9. Alter the time-space continuum to make each day 42 hours long. Or maybe I should just create my own holodeck to play around in
8. Use bacon like a carrot and dangle it in front of me whenever I am walking.
7. Give up my happy-go-lucky-care-free-dont-worry-be-happy ways and start worrying. Then at least I count count the paces across the floor.
6. Move the coffee pot and drink more coffee (and then move the bathroom further away too)
5. Answer all 14 of the Pointy Haired Boss' daily tech requests by walking upstairs to his office and tell him "Turn it off and on again".
4. Walk everywhere following Apple Maps.
3. Stop insulting Calgary Flames fans so much.

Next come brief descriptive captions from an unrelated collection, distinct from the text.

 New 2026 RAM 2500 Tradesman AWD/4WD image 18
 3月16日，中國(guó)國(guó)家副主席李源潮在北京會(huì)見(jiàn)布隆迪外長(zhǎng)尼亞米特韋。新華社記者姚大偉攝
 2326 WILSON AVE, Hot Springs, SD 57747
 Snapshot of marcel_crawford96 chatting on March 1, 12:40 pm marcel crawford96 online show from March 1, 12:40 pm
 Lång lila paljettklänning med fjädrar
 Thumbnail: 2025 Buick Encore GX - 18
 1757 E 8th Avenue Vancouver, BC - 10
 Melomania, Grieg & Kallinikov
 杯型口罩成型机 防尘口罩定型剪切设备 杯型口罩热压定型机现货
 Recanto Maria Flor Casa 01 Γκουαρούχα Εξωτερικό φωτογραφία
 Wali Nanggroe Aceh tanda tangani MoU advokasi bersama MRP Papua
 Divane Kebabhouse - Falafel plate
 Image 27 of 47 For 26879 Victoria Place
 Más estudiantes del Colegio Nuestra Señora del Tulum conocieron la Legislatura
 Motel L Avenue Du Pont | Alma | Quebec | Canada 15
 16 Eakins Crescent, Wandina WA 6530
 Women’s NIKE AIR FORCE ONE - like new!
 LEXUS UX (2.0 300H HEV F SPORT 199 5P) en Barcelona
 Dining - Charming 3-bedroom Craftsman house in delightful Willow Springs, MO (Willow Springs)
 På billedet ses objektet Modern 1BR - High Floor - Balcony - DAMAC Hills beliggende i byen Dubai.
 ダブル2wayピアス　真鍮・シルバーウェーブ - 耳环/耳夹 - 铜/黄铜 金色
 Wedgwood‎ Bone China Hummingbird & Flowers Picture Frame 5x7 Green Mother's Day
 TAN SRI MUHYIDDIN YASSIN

They are actually doing ok this year and it hard to add more steps when your foot is in your mouth so much.
82,210 Steps Woot! Woot! |
2. Turn it upside down!
1. OK here is my real idea: The more shout outs this post gets on social media the more I will walk each day for 30 days. Here's how it works:
50 steps for each LIKE on Facebook, Fav on Twitter or +1 on Google Plus, or whatever they do on Instagram or Pinterest.
100 steps for each share on Facebook and Google Plus, or RT on Twitter.
So help me out and set me walking! Watch next week for the tallies.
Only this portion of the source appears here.